C3 Goat Polyclonal Antibody

CAT#: AP21439FC-N

C3 goat polyclonal antibody, FITC

Specifications

Product Data

• Applications: ID, IF, IHC, IP
• Recommended Dilution: This Fluorescent immunoconjugate antibody to Rat C3c is used to determine the presence and pattern of C3 in tissue lesions using immunohistochemical staining techniques. Locally deposited immune complexes in tissue usually contain
  complement, pointing to activation of the classical pathway. Complement activation in vivo implies active disease and may contribute to the elicitation of the pathogenesis and he extent of tissue destruction. Sometimes the diagnosis can be based on directly on laboratory findings.
  Recommended Dilutions: 1/20-1/80.
• Reactivities: Rat
• Host: Goat
• Isotype: IgG
• Clonality: Polyclonal
• Immunogen: C3c isolated and purified from pooled normal Rat serum.
  Freund’s complete adjuvant is used in the first step of the immunization procedure.
• Specificity: In Immunoelectrophoresis against fresh Rat serum, a single precipitin line is obtained in the beta-1 region representing native C3.
  Against serum containing partly activated C3, a precipitin line is obtained which extends from the beta-1 into the alpha-2 region, demonstrating a gradient. In old serum containing totally activated C3 a single precipitin line in the alpha-2 region is obtained. Antisera to C3c cab also react with the fragments C3b, C3bi and smaller fragments, since they all carry antigenic determinants of the C3c domain.
  The product does not react with any other protein components of Rat serum or plasma.
  Cross-reactivity:
  The antiserum does not cross-react with any other component of Rat plasma. Inter-species cross-reactivity is a normal feature of antibodies to plasma proteins since they frequently share antigenic determinants.
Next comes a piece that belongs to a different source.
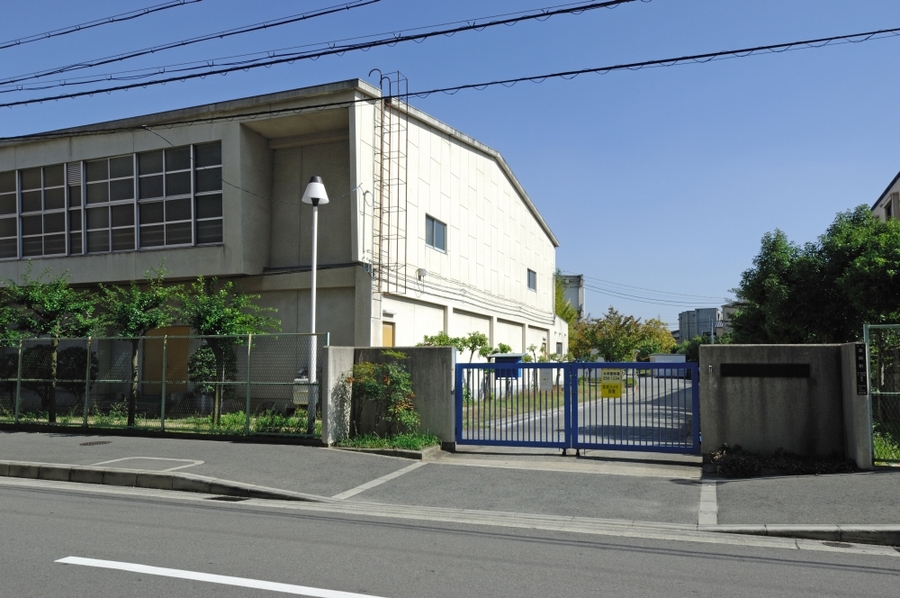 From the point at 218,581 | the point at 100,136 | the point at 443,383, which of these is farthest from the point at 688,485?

Cross-reactivity of this antiserum has not been tested in detail.
  Adsorption:
  Immunoaffinity adsorbed using insolubilized antigens as required, to eliminate antibodies cross-reacting with other with other plasma proteins. The use of insolubilized adsorption antigens prevents the presence of excess adsorbent protein or immune complexes in the antiserum.
• Formulation: PBS, pH 7.2 without preservatives and foreign proteins
  Label: FITC
  State: Lyophilized hyperimmune IgG fraction
  Label: Fluorescein Isothiocyanate Isomer 1
  Absorption emission: 492 nm / 515 nm
  Molar radio: Fluorescein/IgG ~1.8
• Reconstitution Method: Restore by adding 1.0 ml of sterile distilled water
• Concentration: lot specific
• Purification: The IgG fraction is isolated and purified from the antiserum and contains the bulk of the defined antibody specificity. It is free of other serum proteins as tested by immunoelectrophoresis and double radial immunodiffusion
• Conjugation: FITC
• Storage: Store the antibody lyophilized at 2-8°C and reconstituted at 2-8°C for one week or (in aliquots) at -20°C for longer.
  If a slight precipitation occurs upon storage, this should be removed by centrifugation.
• Stability: Shelf life: one year from despatch.
• Gene Name: complement component 3
• Database Link:
  Entrez Gene 24232 Rat
  UniProt ID P01026
• Background: C3 is the most abundant complement protein in rat serum. Its biological function strongly resembles that of C3 in man and other laboratory animal species. It has a central role in the activation system being common to both pathways.
  Activation of C3 is achieved by very specific limited proteolysis resulting in the release of a number of degradation fragments. The anaphylotoxin C3a promotes smooth muscle contraction and increases vascular permeability: the large C3b fragment is involved in binding to the complement activator and can be interact with specific receptors to allow efficient clearance of the activating cell or particle; degradation fragments of C3b (C3bi, C3c, C3dg C3d) are important in receptor binding and clearance mechanisms, in virus neutralization and possibly in the immune response.
• Synonyms: CPAMD1, Complement component 3
• Note: This immunoconjugate is not pre-diluted. The optimum working dilution of each conjugate should be established by titration before being used. Excess labelled antibody must be avoided because it may cause high unspecific background staining and interfere with the specific signal.